Adaptive Random Walk Metropolis with Spectral Preconditioning

Nov 7, 2024 · 3 min read

High-Level Overview

In Bayesian inference, we often need to sample from complex, high-dimensional posterior distributions that are non-conjugate. While MCMC algorithms like the Random Walk Metropolis (RWM) are the standard, they can fail when the posterior distribution has a difficult geometry—for example, if parameters are highly correlated.

This project implements a “smarter” RWM sampler that first learns the posterior’s geometry and then adapts its proposals, making it far more efficient at exploring these difficult, correlated spaces.

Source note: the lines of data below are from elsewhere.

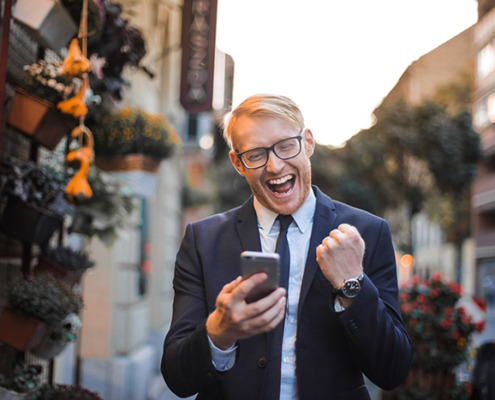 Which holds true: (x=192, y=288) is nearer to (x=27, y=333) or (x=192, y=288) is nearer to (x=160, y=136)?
(x=27, y=333)

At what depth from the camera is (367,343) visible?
1797mm

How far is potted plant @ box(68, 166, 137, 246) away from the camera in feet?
13.1

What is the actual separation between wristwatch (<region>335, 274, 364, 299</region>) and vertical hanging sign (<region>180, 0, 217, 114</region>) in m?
6.83

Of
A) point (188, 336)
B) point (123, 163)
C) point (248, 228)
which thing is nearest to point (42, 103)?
point (123, 163)

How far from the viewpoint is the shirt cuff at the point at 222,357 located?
1746 mm

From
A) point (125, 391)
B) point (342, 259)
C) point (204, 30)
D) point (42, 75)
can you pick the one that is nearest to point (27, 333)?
point (42, 75)

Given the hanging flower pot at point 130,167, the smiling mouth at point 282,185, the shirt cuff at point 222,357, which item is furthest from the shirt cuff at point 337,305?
the hanging flower pot at point 130,167

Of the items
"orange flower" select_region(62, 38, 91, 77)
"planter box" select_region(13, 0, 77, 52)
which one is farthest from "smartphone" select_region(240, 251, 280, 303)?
"planter box" select_region(13, 0, 77, 52)

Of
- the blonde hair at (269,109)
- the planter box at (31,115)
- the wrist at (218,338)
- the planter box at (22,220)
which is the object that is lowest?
the wrist at (218,338)

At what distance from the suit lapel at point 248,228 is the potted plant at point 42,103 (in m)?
1.84

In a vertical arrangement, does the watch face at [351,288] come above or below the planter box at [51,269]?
below

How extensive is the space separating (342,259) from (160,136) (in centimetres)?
402

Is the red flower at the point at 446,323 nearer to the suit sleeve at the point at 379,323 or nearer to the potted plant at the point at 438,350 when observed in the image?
the potted plant at the point at 438,350

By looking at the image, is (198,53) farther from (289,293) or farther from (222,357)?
(222,357) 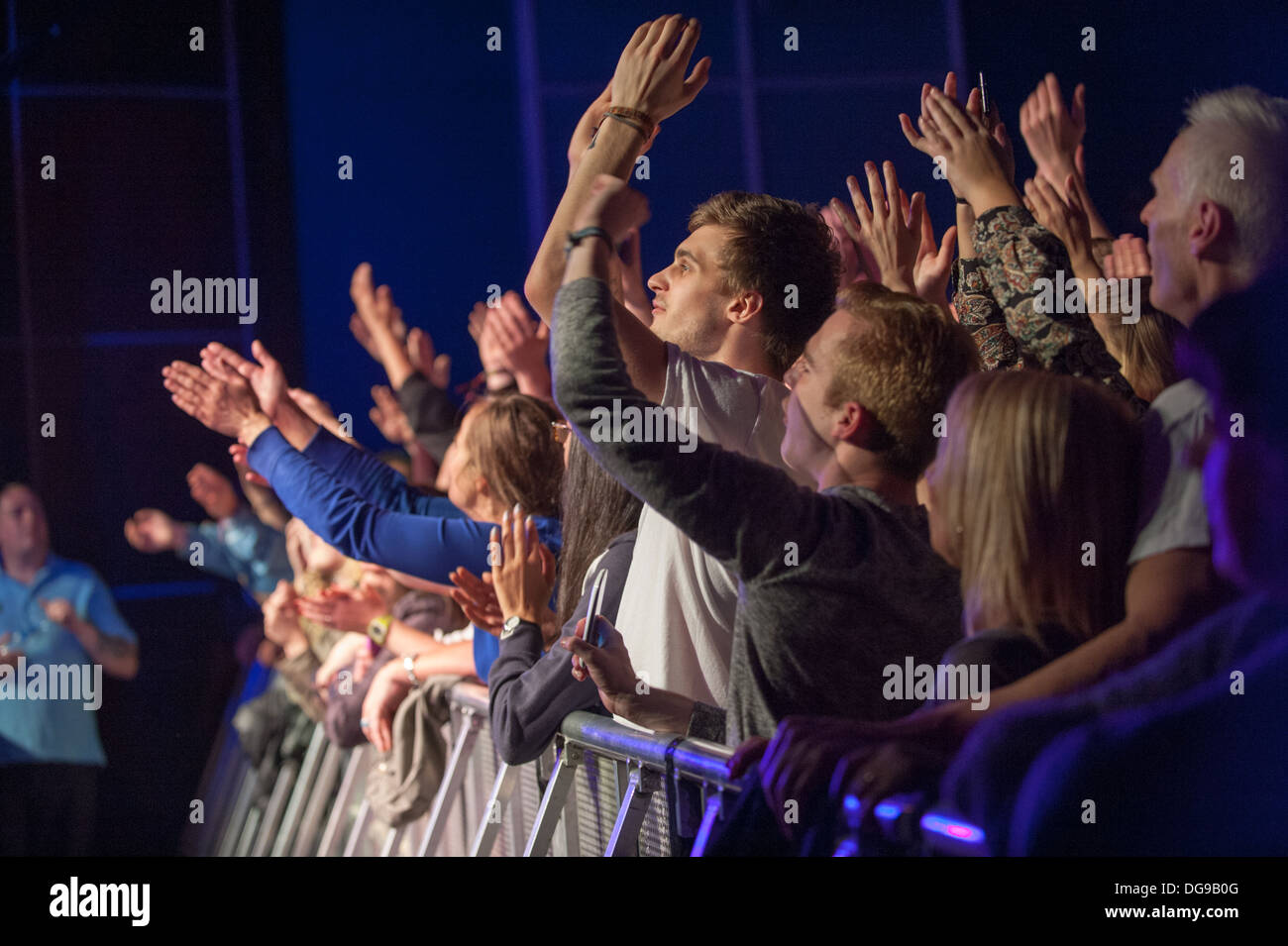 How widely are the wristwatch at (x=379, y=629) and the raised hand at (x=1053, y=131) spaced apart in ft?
5.67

The Challenge: A Difficult, Misspecified Posterior

To test our sampler, we created a dataset with a known set of problems:

  1. Multicollinearity: The covariates in our design matrix $Z$ are deliberately correlated.
  2. Non-linear Data: One covariate, $x$, was sampled from a bimodal (U-shaped) distribution, creating sparse data in the middle.
  3. Skewed Errors: The noise was sampled from a Skew-Normal distribution, not a simple, symmetric Gaussian.

We then tried to fit two models to this data: a (wrong) misspecified linear model and the (correct) quadratic model that actually generated the data.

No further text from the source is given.